In the material below, find the span from the line with "Натуральна добавка Sporter" to the line with "FLAMAR ALF190103MM - Alternator" and transcribe only those lines, exactly, ends included, without the pictures.

**DATA FOR PROCESSING:**
○ ○ ○ ○
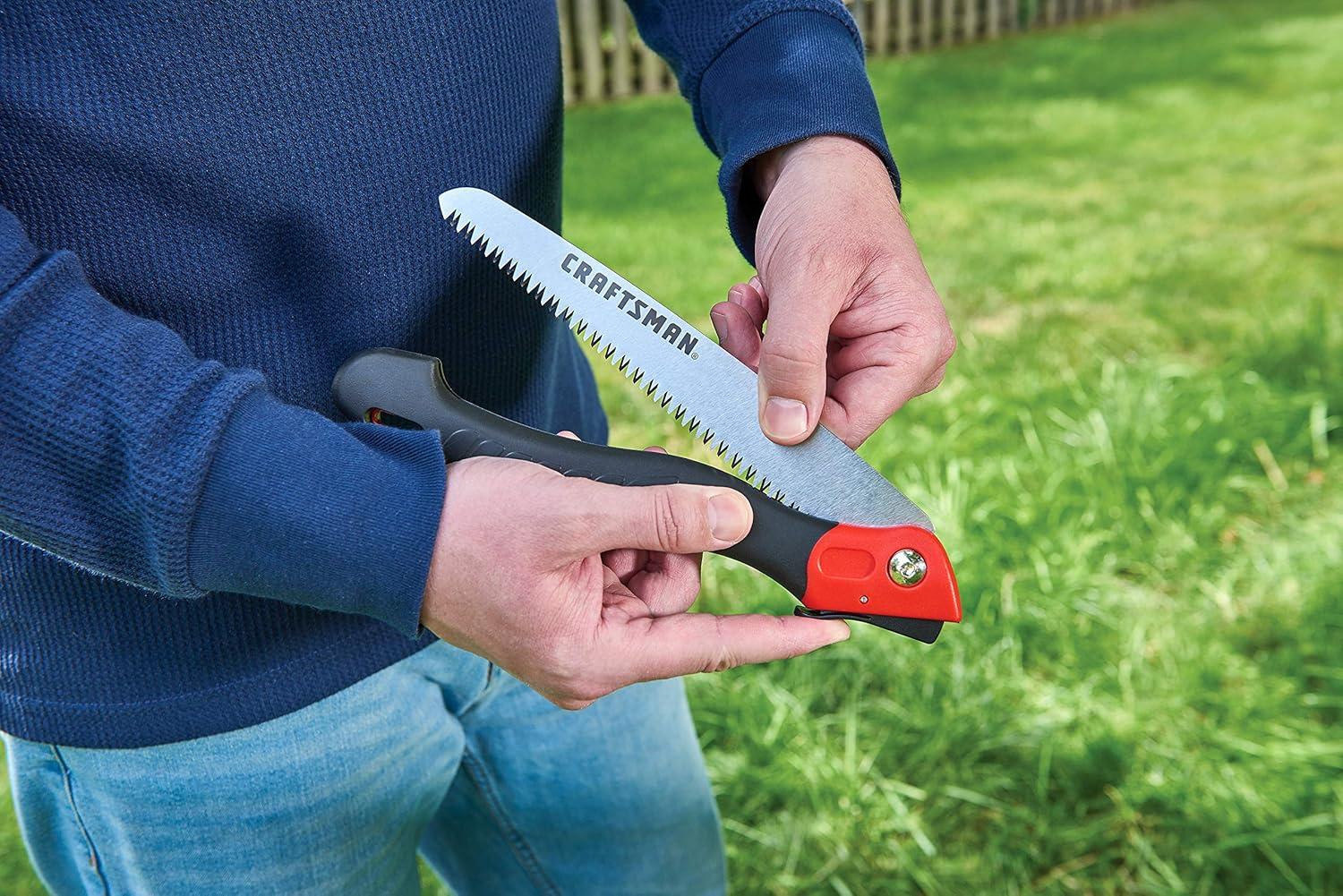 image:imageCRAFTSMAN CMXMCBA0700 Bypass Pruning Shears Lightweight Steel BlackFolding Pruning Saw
○ ○ ○ ○
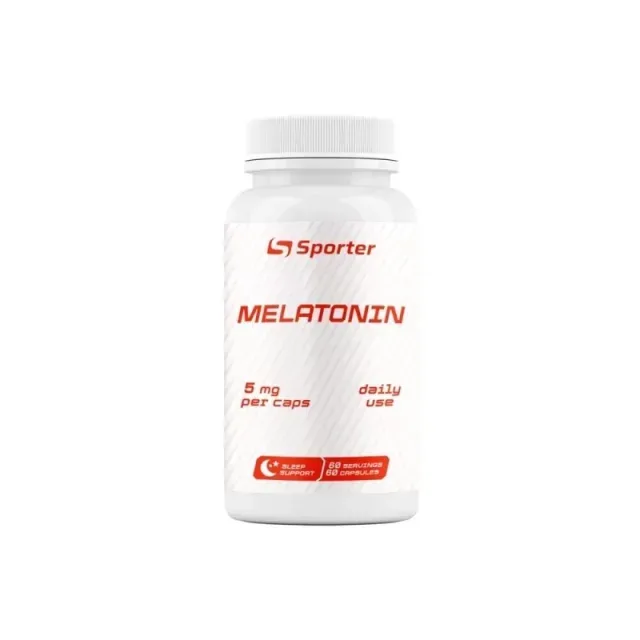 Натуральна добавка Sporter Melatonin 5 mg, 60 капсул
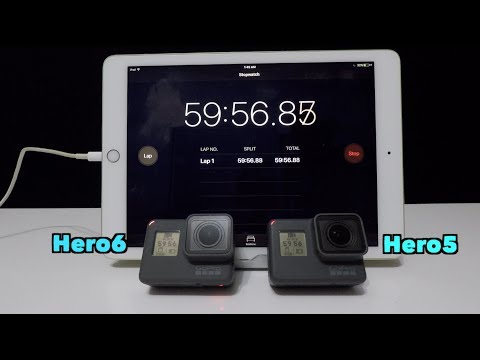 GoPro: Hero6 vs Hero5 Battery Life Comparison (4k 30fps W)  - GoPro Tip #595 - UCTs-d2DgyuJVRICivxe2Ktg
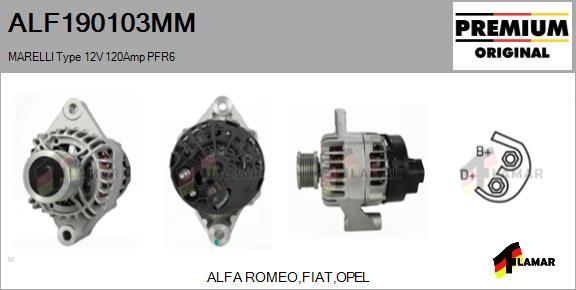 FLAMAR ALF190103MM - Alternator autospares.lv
○ ○ ○ ○
**FINAL ANSWER:**
 Натуральна добавка Sporter Melatonin 5 mg, 60 капсул
 GoPro: Hero6 vs Hero5 Battery Life Comparison (4k 30fps W)  - GoPro Tip #595 - UCTs-d2DgyuJVRICivxe2Ktg
 FLAMAR ALF190103MM - Alternator autospares.lv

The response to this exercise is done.